Work item =
These records are to be written out exactly as they read, minus the pictures.

Records to process =
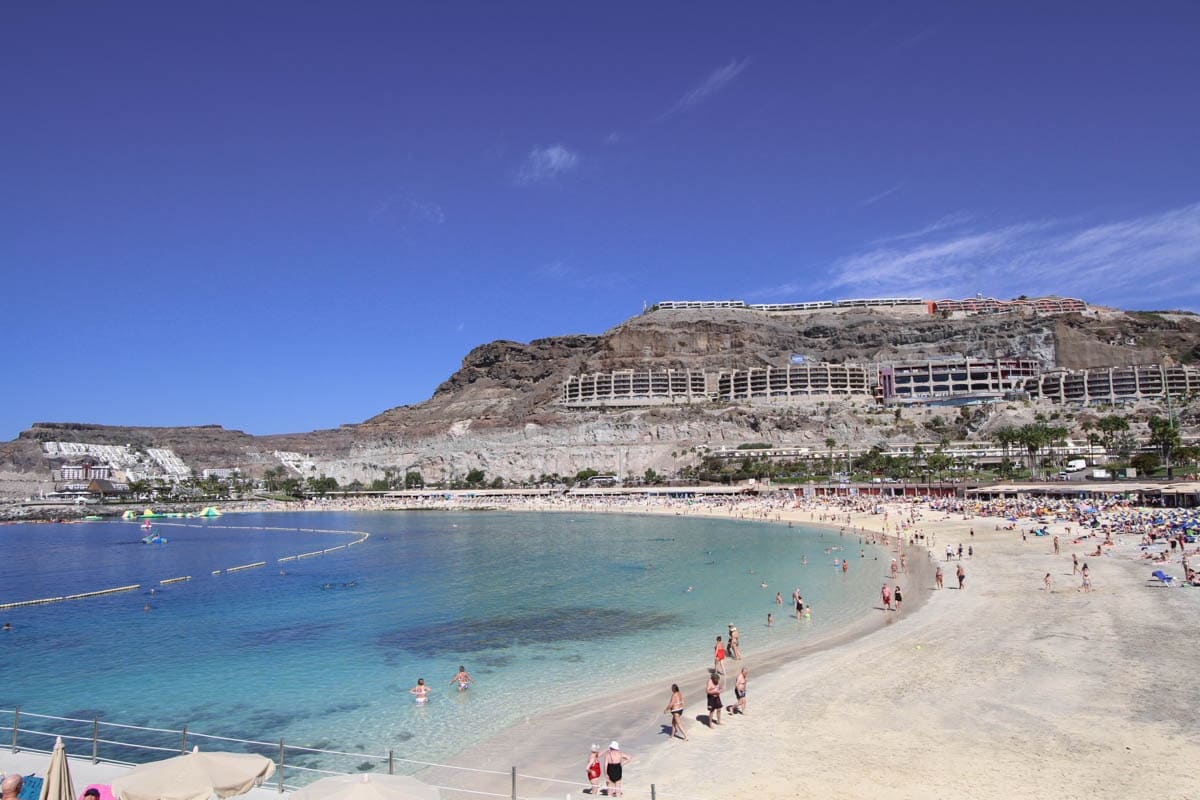 2 soveværelse Lejlighed til salg i Amadores med swimmingpool garage - € 440.000 (Ref: 7836847)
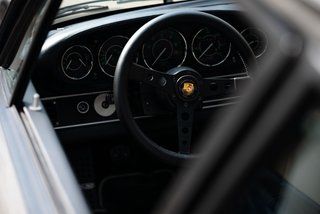 Porsche 964 Restomod 3.8 Liter - bilder 9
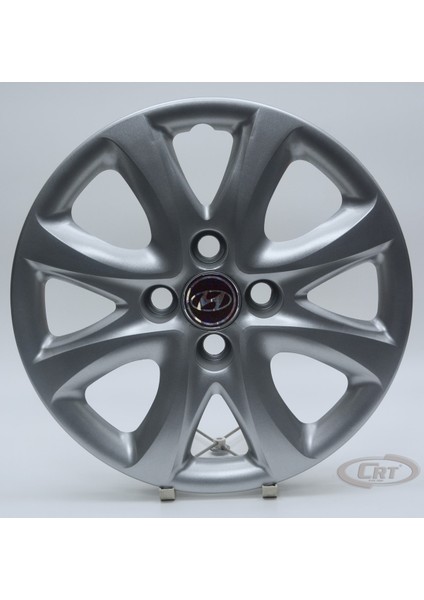 Jant Kapağı Kırılmaz 14" Hyundai Accent Blue Model (Çıkartma Hediyeli) (Adet Olarak)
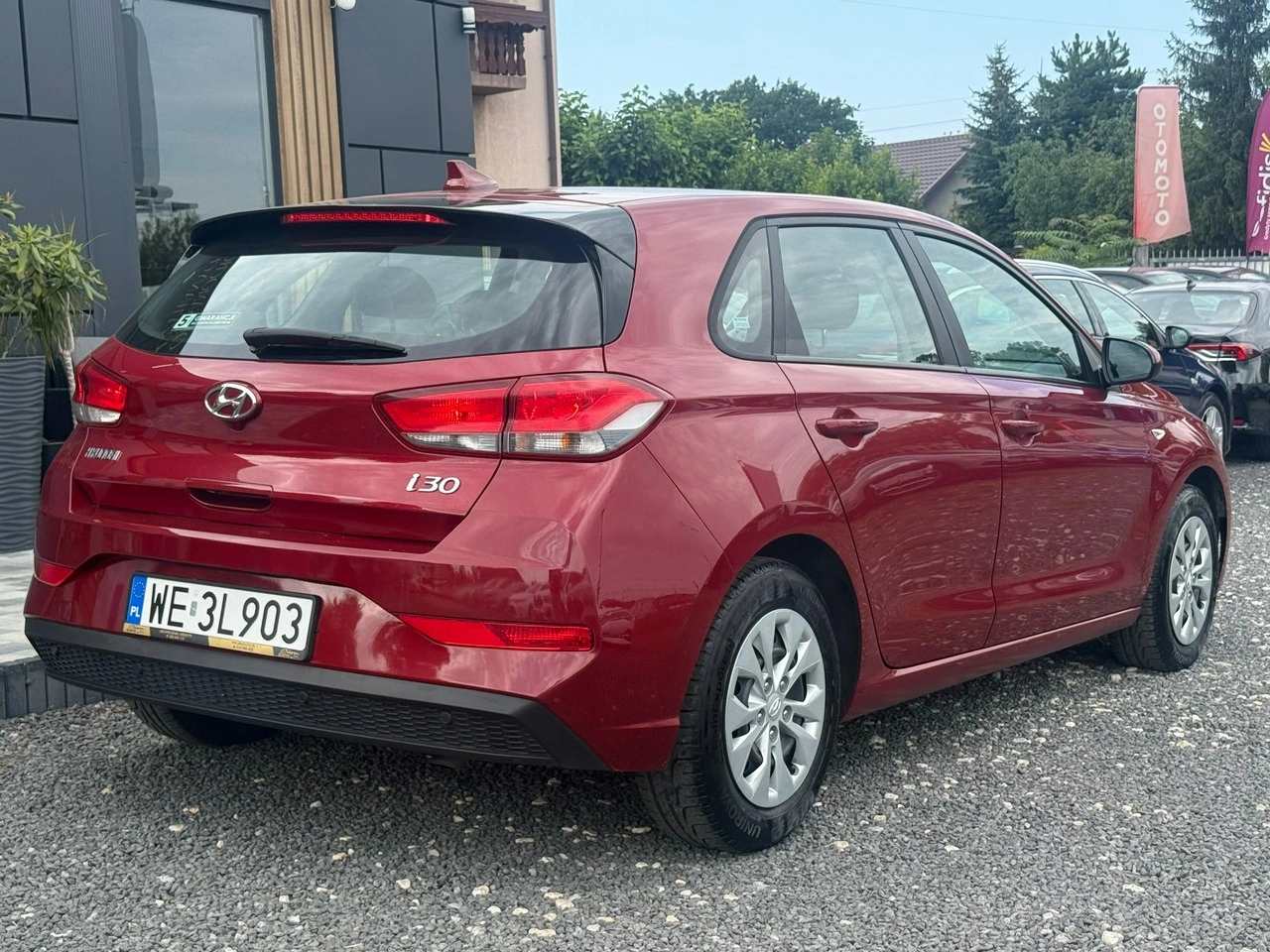 Hyundai i30 - Zdjęcie 8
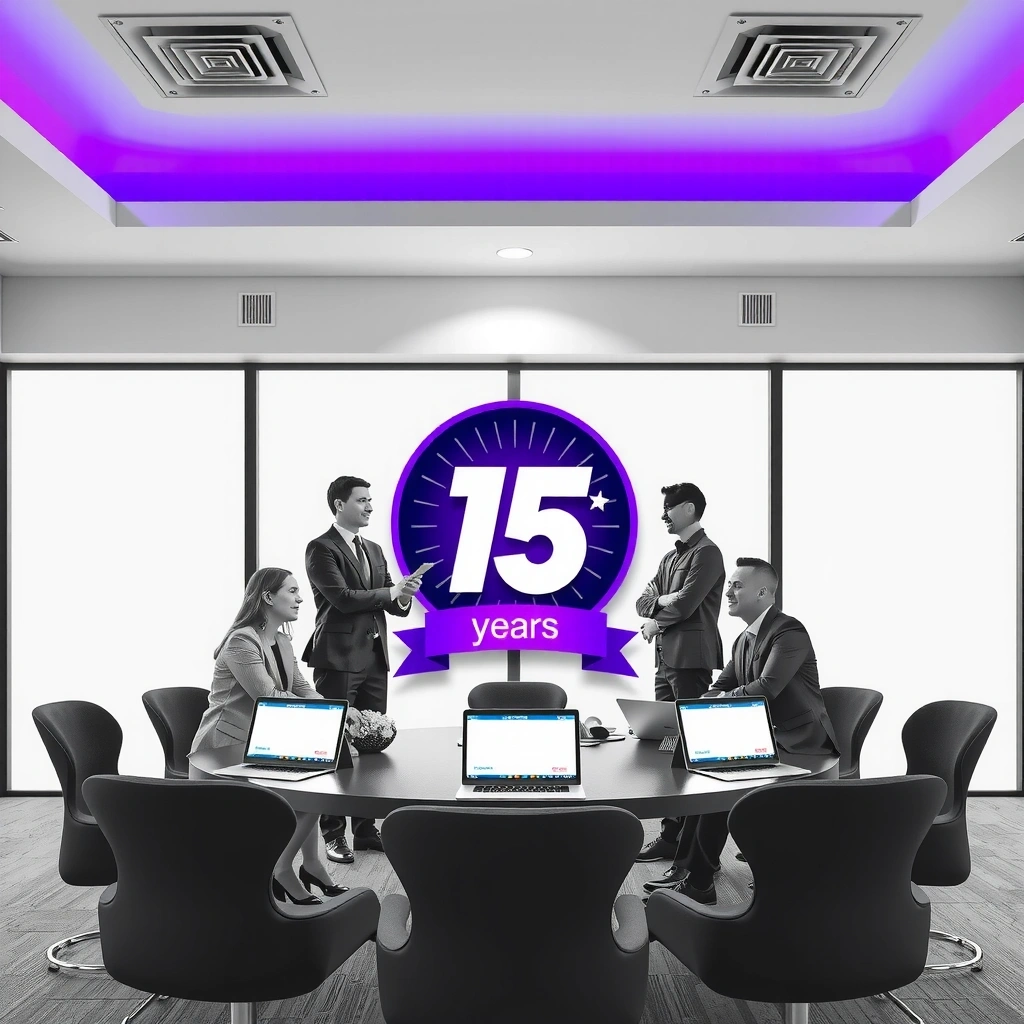 15 años de excelencia 2024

Your response =
 2 soveværelse Lejlighed til salg i Amadores med swimmingpool garage - € 440.000 (Ref: 7836847)
 Porsche 964 Restomod 3.8 Liter - bilder 9
 Jant Kapağı Kırılmaz 14" Hyundai Accent Blue Model (Çıkartma Hediyeli) (Adet Olarak)
 Hyundai i30 - Zdjęcie 8
 15 años de excelencia 2024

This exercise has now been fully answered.